With his December 6 statement, President Donald Trump has fulfilled his pre-election promise, repeated since his election in November 2016 and also consistent with the Republican Party’s platform, that he will move the US embassy to Jerusalem and recognize the city as Israel’s capital.
In doing so, he has ended a 22-year epoch in which the 1995 Jerusalem Embassy Law, passed with overwhelming majorities in the Senate (93–5) and House (374–37), had been essentially a dead letter.
Due to the presidential national security waiver contained in the 1995 Law, successive presidents continually deferred implementing the law for 6-monthly periods.
Now, as a result of President Trump’s shift, standard diplomatic practice of locating embassies in the designated capital of countries will be applied by the US to Israel.
The consecutive presidential waivers deferring action on the Law was always wrong, a misuse of a presidential discretion contained in the Law.

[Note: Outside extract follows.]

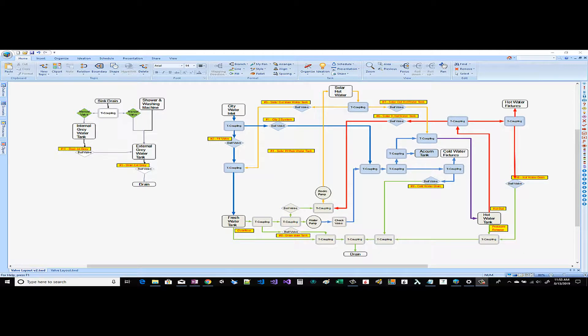This is the complete valve diagram for the water system in the van. It's broken into three sections. Section one is our drainage system for gray water.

Accordingly, what was designed, according to then-Senate Majority Leader Bob Dole, to be utilized solely in genuine and exceptional cases of threats to national security was instead, without explanation or justification, perpetually invoked for unspecified national security interests and supposedly in the case of peace, every six months.
Yet, as President Trump noted in his statement, the 22-year use of the waiver brought the parties no closer to peace.
Moreover, the Palestinian Authority (PA) continues to violate its Oslo Accords obligations to arrest and jail terrorists, disband terrorist organizations and end the incitement to hatred and murder that suffuse the PA-controlled media, mosques, schools and youth camps. It refuses Trump Administration demands to end paying salaries to jailed terrorists and stipends to their families.